EXTRACTED MATERIAL:

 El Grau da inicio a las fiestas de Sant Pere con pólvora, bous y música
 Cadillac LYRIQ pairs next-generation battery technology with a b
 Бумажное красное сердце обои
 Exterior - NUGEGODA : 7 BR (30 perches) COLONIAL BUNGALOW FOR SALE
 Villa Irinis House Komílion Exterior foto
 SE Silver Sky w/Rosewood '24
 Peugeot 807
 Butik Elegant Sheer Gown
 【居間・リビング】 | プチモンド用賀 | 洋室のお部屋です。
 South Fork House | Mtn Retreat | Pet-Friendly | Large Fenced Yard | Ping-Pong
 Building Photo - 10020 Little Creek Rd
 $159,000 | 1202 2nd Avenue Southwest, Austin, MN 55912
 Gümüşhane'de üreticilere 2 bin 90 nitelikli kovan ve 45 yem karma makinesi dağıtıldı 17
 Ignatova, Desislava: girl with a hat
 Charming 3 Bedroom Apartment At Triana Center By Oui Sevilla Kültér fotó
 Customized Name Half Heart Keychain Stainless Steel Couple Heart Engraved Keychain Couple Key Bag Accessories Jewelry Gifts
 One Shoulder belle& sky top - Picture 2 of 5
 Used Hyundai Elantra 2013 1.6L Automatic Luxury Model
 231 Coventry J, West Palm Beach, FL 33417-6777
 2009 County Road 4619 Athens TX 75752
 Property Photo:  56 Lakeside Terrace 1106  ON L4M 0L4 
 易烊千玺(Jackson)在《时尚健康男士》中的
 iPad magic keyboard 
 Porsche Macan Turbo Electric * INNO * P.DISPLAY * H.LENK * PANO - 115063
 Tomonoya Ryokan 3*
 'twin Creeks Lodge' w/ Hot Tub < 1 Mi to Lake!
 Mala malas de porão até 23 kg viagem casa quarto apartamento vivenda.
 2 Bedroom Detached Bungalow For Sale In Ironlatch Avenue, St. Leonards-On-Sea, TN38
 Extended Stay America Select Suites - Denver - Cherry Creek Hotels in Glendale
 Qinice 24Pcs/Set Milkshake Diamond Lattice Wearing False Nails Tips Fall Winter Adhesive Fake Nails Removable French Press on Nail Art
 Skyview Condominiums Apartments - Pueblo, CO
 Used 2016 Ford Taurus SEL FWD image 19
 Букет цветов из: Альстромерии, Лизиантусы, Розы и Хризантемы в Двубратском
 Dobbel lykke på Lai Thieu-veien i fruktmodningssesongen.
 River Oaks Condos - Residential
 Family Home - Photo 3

WORK TO COMPLETE:
Your job is to return all lines above that hold the word "Exterior".

SOLUTION BELOW:
 Exterior - NUGEGODA : 7 BR (30 perches) COLONIAL BUNGALOW FOR SALE
 Villa Irinis House Komílion Exterior foto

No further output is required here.